Soccer was not the only passion that brought Heinz Kissinger into conflict with his parents. As his boyhood friend remembered,
Heinz Kissinger spent many hours in my home. They lived near us and Heinz would ride over on his bike. He liked being with us. It seems to me he had a problem with his father. If I’m not mistaken, he was afraid of him because he was a very pedantic man…. His father was always checking Heinz’s homework, and kept a close watch on him. Heinz told me more than once he couldn’t discuss anything with his father, especially not girls.

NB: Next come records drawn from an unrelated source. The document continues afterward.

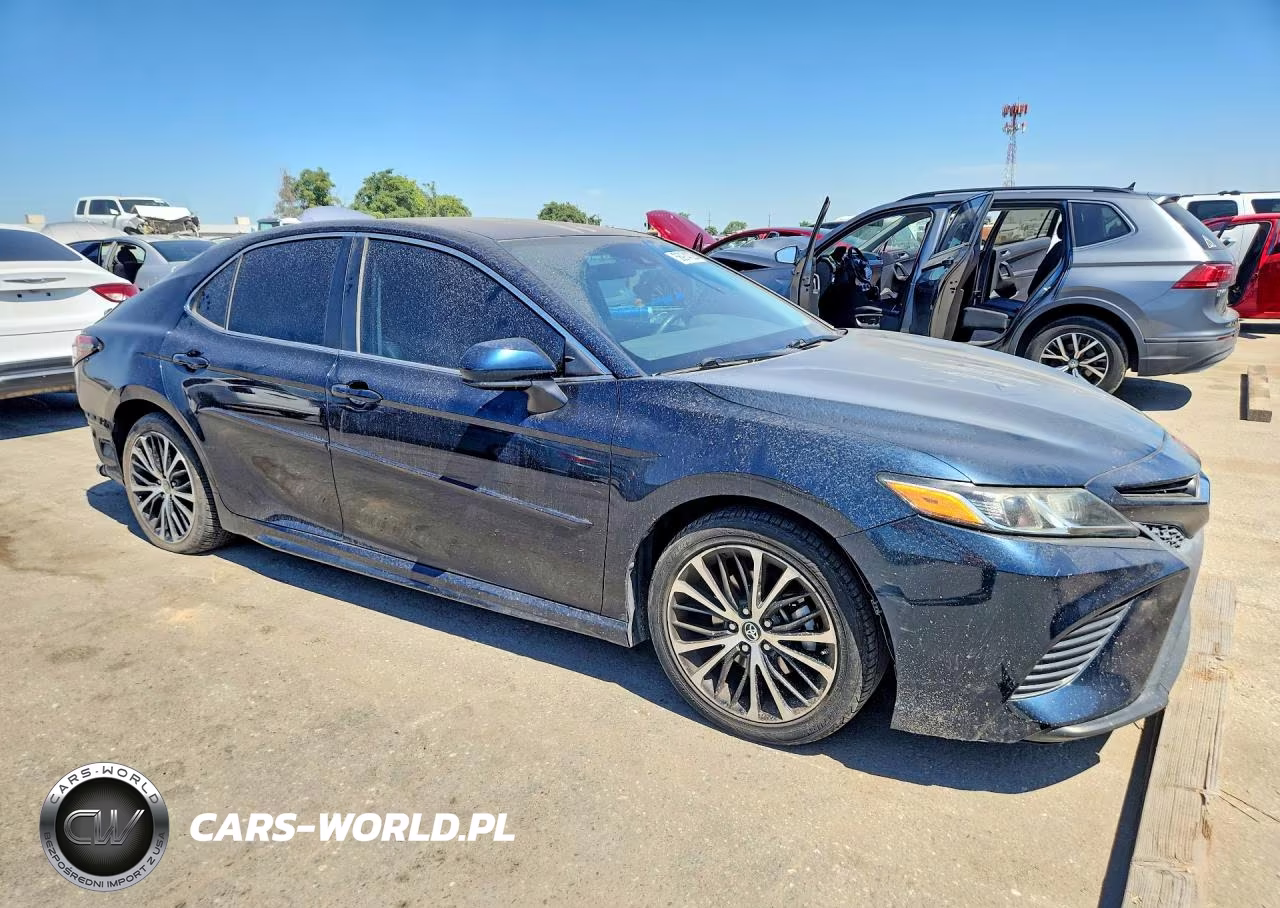 2019 Toyota Camry L VIN:4T1B11HK6KU245698 - 4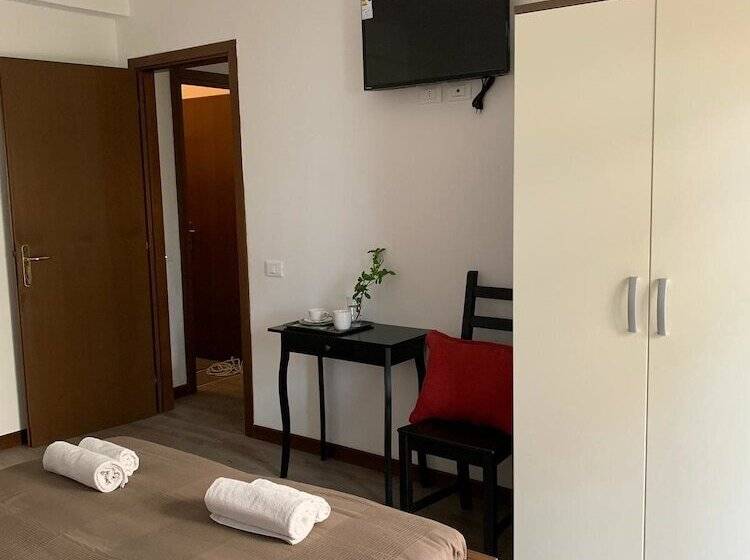 تختخواب و صبحانه Nottetempo Verona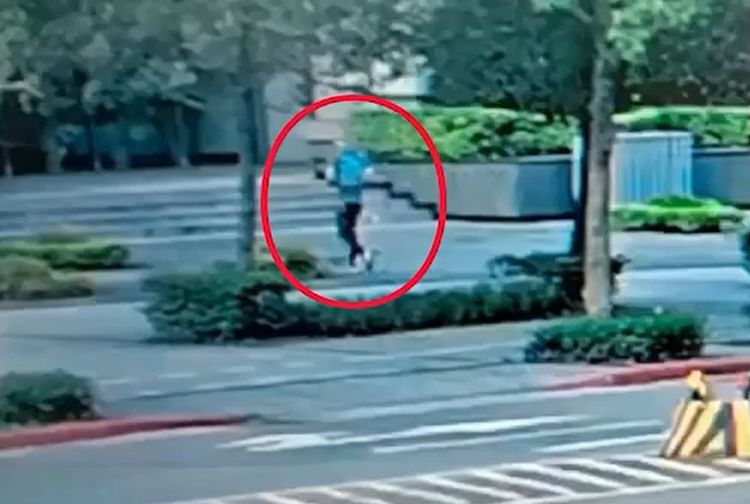 監視器拍下楊植斗過馬路前身影。翻攝畫面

As Lion later related, “the only time that Kissinger brought home a less than satisfactory report card was when he started paying attention to girls — or girls started paying attention to him. He was only twelve at the time and the girls were already chasing after him, but he didn’t pay any attention to them. His first love was a charming blonde.” According to Lion, the two boys used to take girlfriends for walks in the local park on Friday evenings. When Lion returned late from one of these walks, his parents blamed Kissinger’s influence and forbade their son to see “the Kissinger boy” for a whole week. Later they sent Lion off to a summer camp for six weeks “to get him away from Heinz Kissinger, who had earned a reputation as a skirt chaser.” 73Memory plays tricks, and this story had probably improved in the telling over thirty years. Still, even Kissinger’s mother noted her elder son’s penchant for “keeping everything locked up inside — never discussing your innermost thoughts!” 74Corporal punishment was not unknown in the Kissinger household, as in most households of the time. 75It paid to keep mischief quiet.